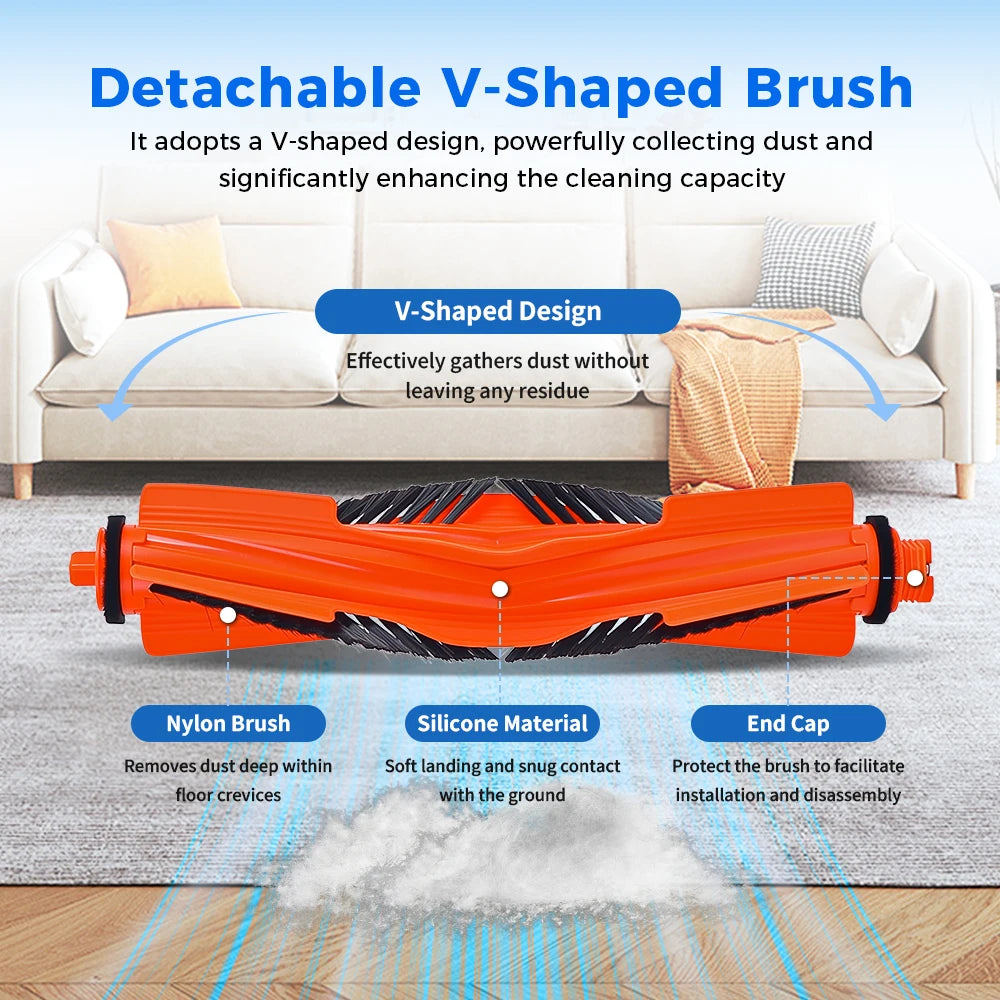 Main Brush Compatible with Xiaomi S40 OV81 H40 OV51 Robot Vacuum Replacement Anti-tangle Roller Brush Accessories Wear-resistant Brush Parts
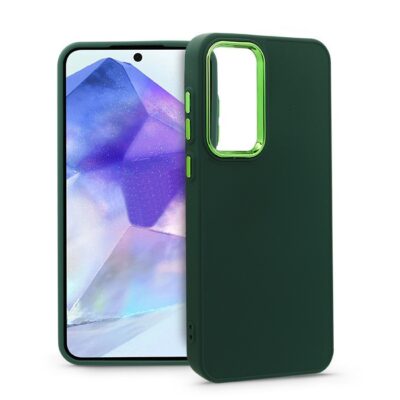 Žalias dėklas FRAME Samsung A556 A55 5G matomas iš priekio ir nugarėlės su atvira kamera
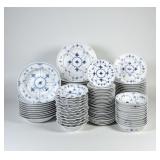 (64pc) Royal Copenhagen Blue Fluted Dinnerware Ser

--------------------------------

■ **Aim of the task**
From the line holding "Žalias dėklas FRAME" through the last line of the material above, each line should be written out exactly, both included; omit the pictures.

■ **Answer section**
 Žalias dėklas FRAME Samsung A556 A55 5G matomas iš priekio ir nugarėlės su atvira kamera
 (64pc) Royal Copenhagen Blue Fluted Dinnerware Ser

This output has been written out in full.